[Exercise requirements] Using the data below, transcribe exactly everything from the line that contains "A small polished" down to the line that contains "Slide: The Image". Include both of those lines and none of the pictures.

[Information]
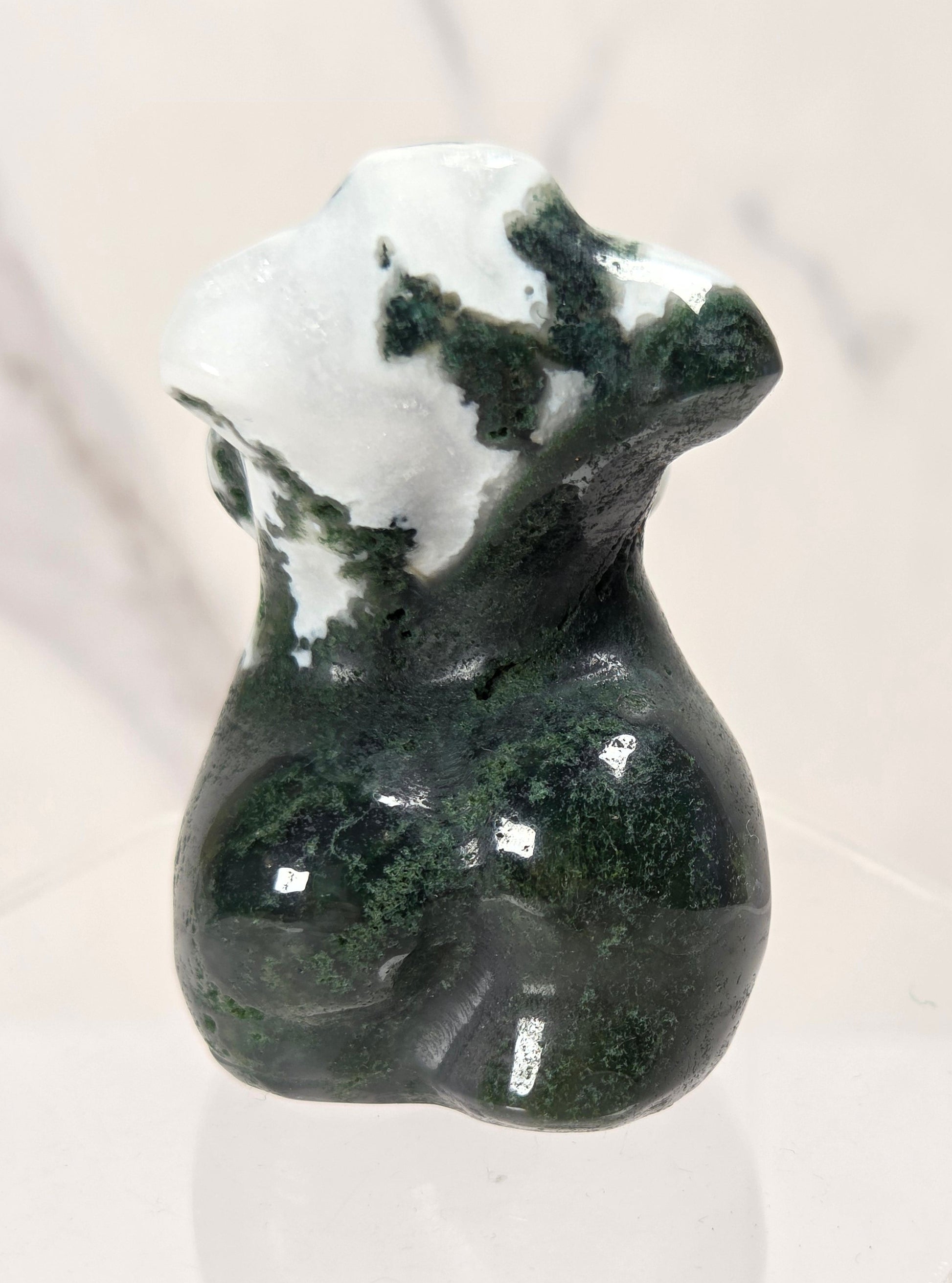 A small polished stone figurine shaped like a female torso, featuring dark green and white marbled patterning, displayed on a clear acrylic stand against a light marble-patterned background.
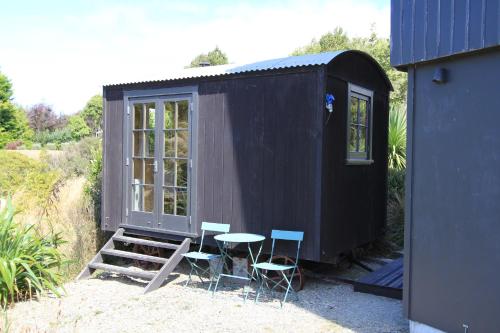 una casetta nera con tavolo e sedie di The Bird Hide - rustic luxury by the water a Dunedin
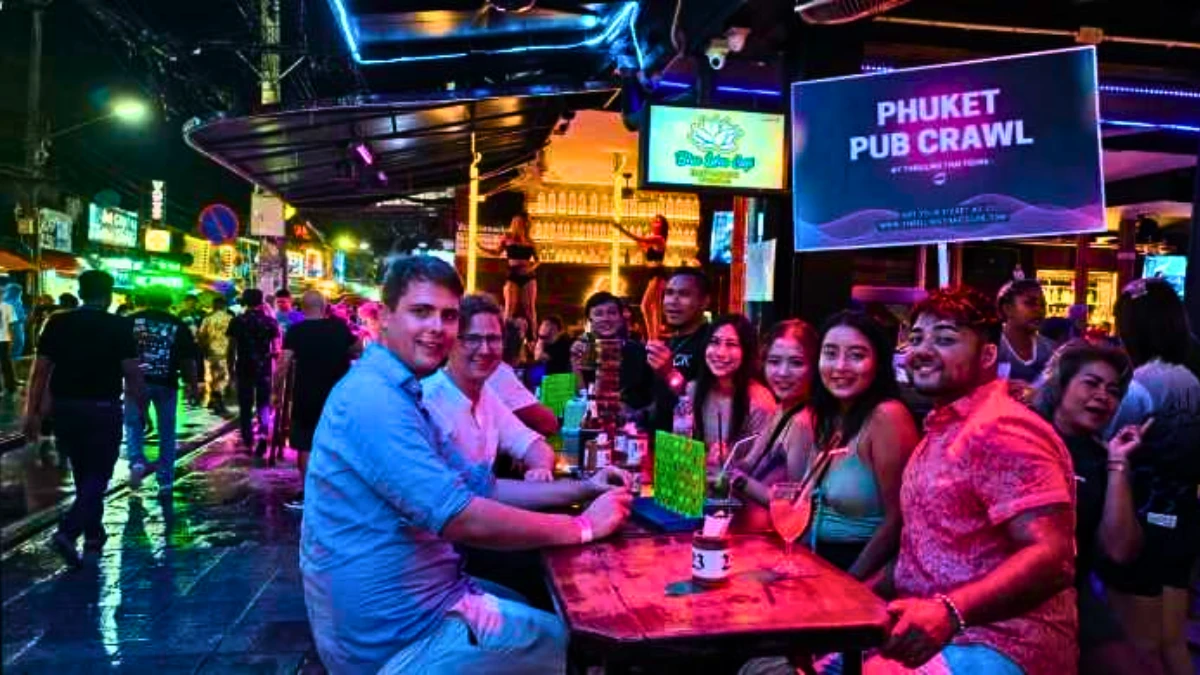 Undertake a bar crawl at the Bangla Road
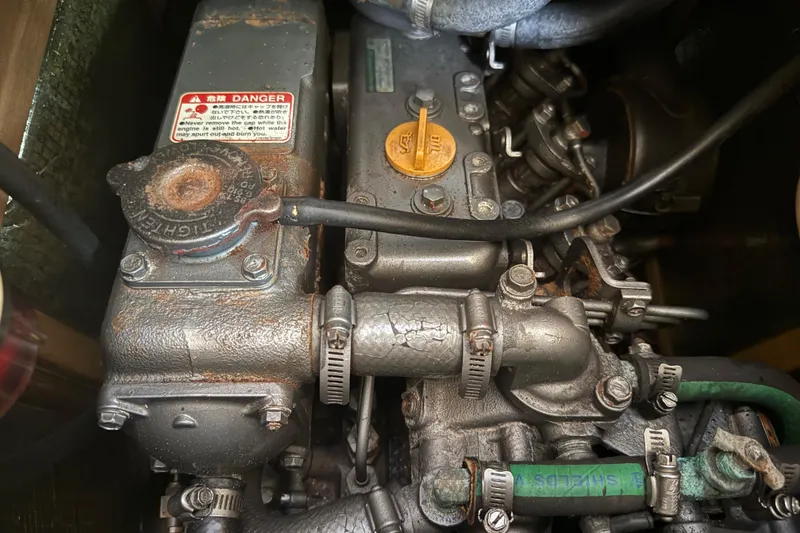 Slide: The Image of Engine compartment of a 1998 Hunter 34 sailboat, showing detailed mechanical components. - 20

...

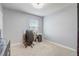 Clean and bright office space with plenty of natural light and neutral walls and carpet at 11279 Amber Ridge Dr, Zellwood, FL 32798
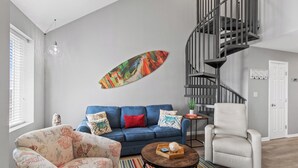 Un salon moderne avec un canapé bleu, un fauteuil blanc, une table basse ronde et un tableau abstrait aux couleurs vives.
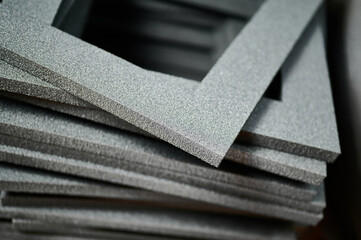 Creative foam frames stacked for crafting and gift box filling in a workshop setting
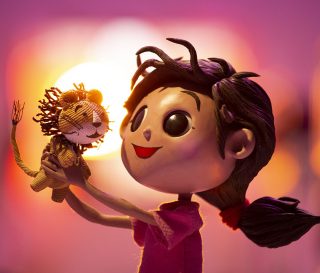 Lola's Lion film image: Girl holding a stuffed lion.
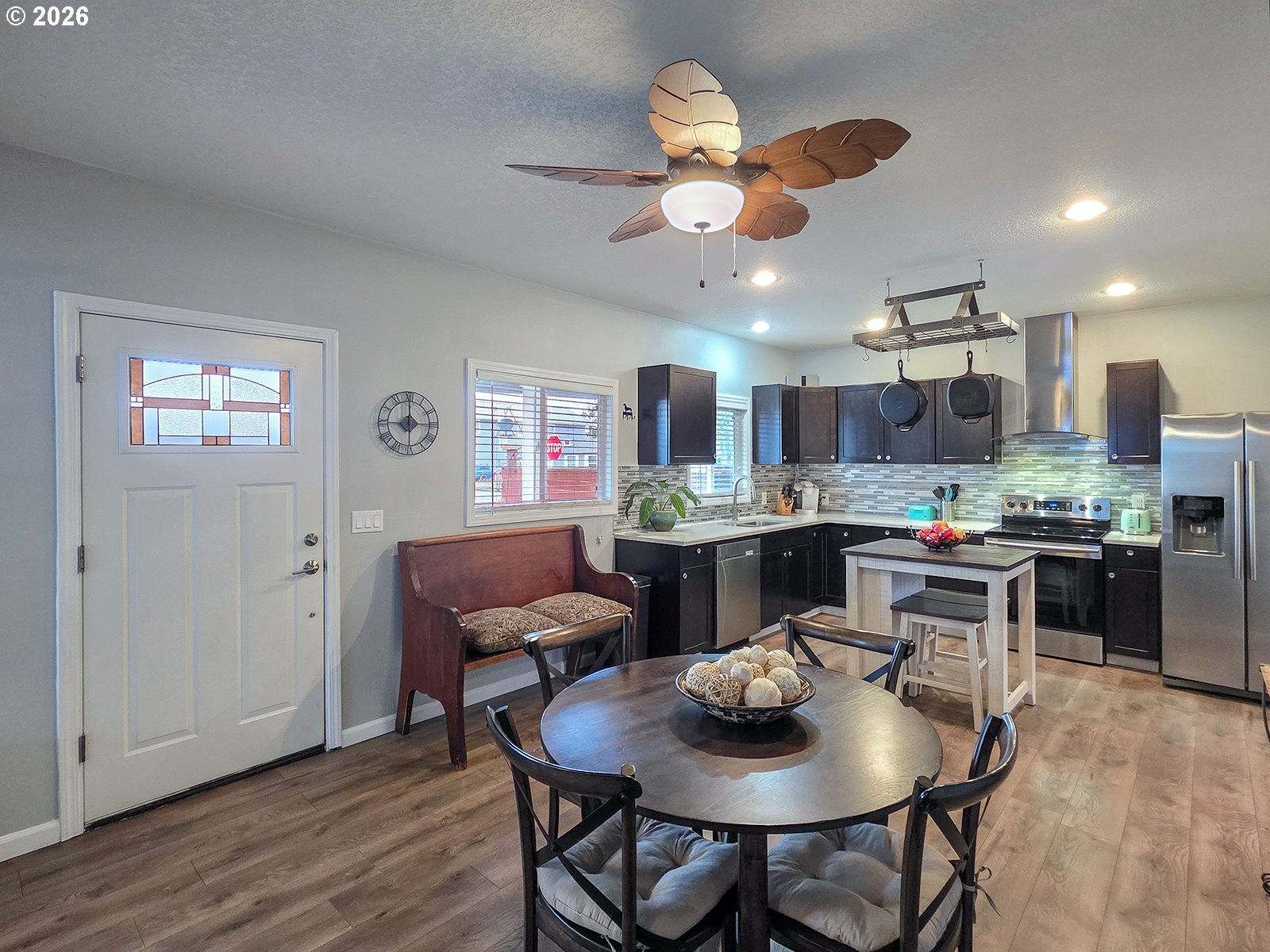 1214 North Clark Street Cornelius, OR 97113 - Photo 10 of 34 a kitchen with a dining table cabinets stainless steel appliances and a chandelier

--

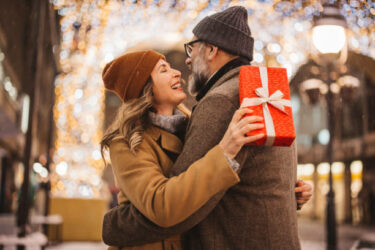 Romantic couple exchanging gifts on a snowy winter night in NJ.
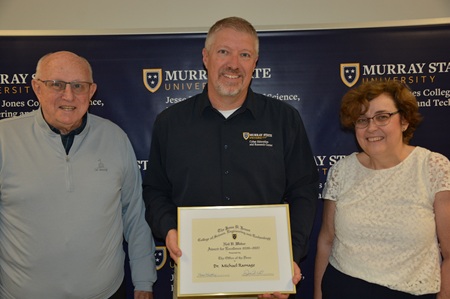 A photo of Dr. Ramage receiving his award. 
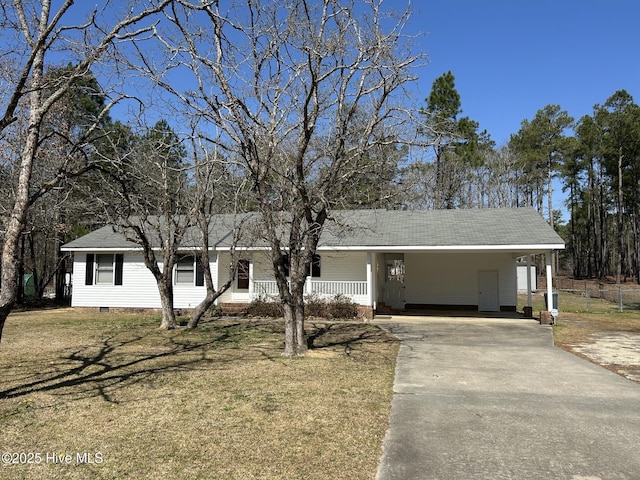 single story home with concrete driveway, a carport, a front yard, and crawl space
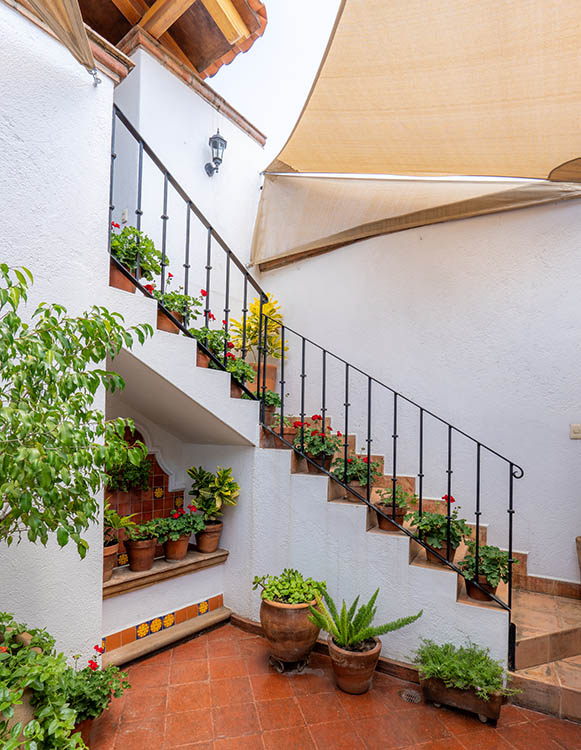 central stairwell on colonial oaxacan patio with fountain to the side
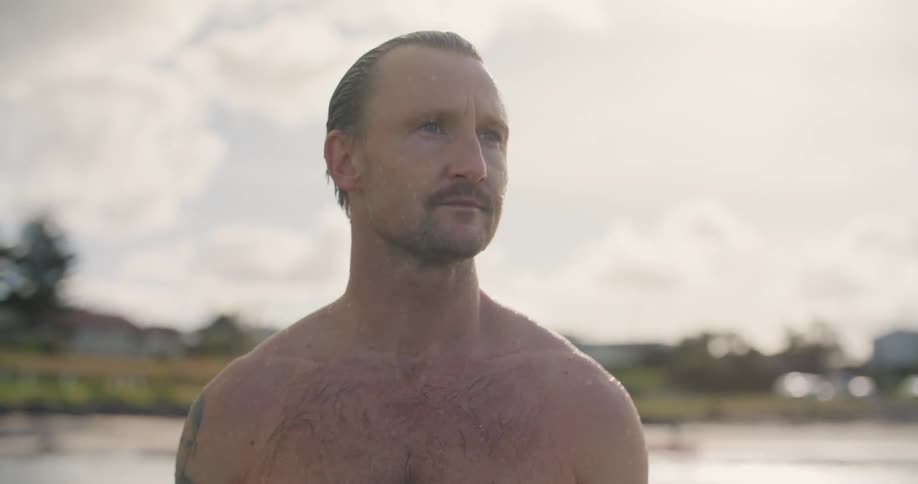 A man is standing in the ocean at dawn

[Result for this task]
 A small polished stone figurine shaped like a female torso, featuring dark green and white marbled patterning, displayed on a clear acrylic stand against a light marble-patterned background.
 una casetta nera con tavolo e sedie di The Bird Hide - rustic luxury by the water a Dunedin
 Undertake a bar crawl at the Bangla Road
 Slide: The Image of Engine compartment of a 1998 Hunter 34 sailboat, showing detailed mechanical components. - 20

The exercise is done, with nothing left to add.